**What you have to do**
All of the data below is to be repeated exactly, except for the pictures.
***** Dataset content
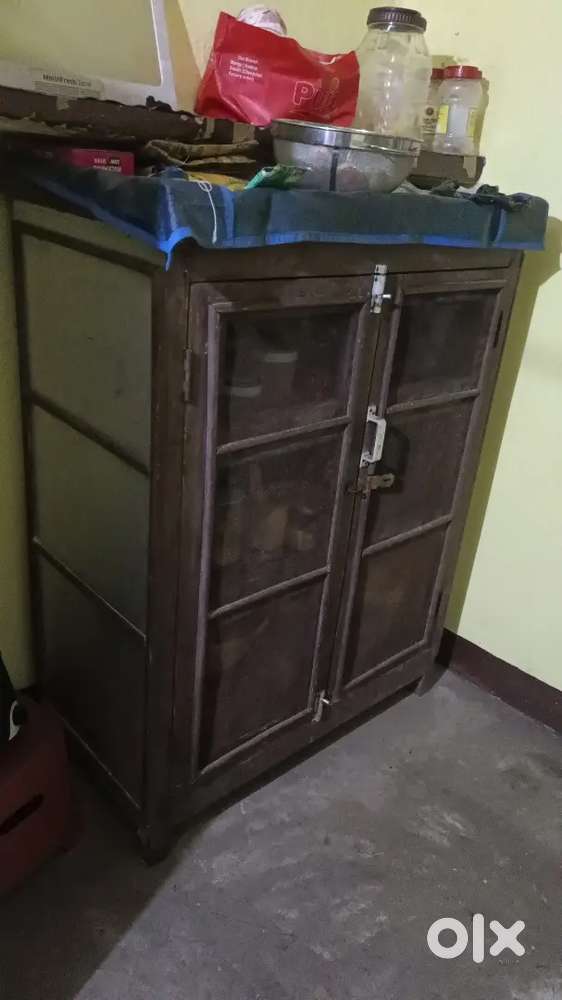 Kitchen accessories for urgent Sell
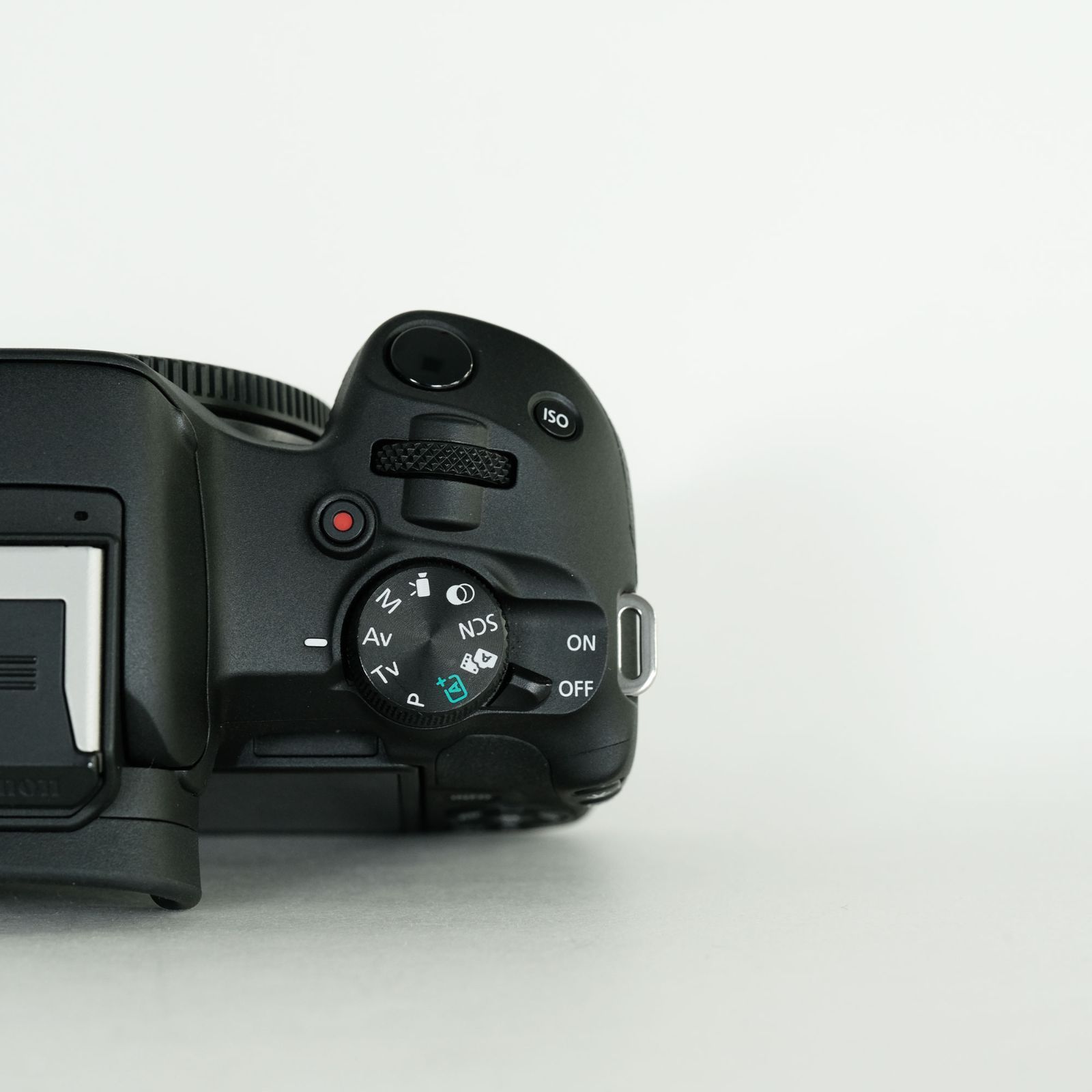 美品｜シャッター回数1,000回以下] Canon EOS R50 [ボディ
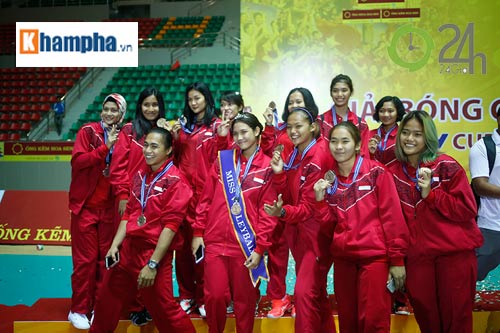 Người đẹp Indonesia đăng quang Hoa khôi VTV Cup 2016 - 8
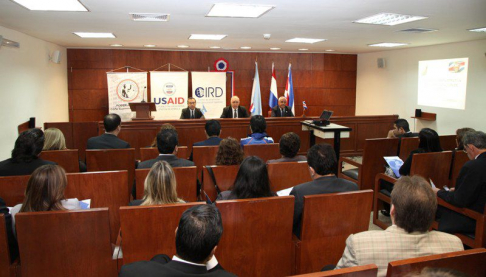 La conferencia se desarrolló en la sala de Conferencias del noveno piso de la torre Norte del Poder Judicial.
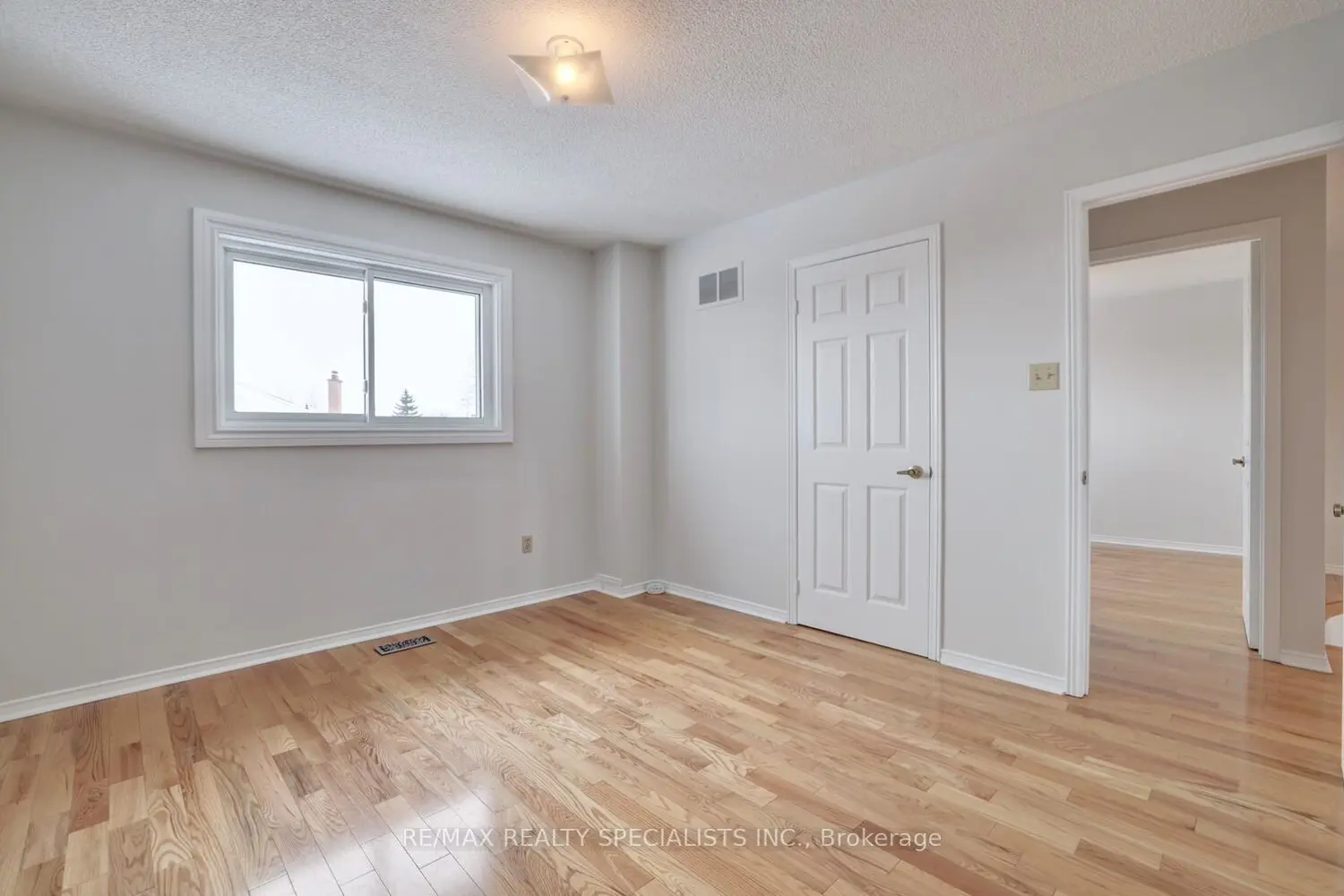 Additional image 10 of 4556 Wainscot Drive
**********
**Result of this exercise**
 Kitchen accessories for urgent Sell
 美品｜シャッター回数1,000回以下] Canon EOS R50 [ボディ
 Người đẹp Indonesia đăng quang Hoa khôi VTV Cup 2016 - 8
 La conferencia se desarrolló en la sala de Conferencias del noveno piso de la torre Norte del Poder Judicial.
 Additional image 10 of 4556 Wainscot Drive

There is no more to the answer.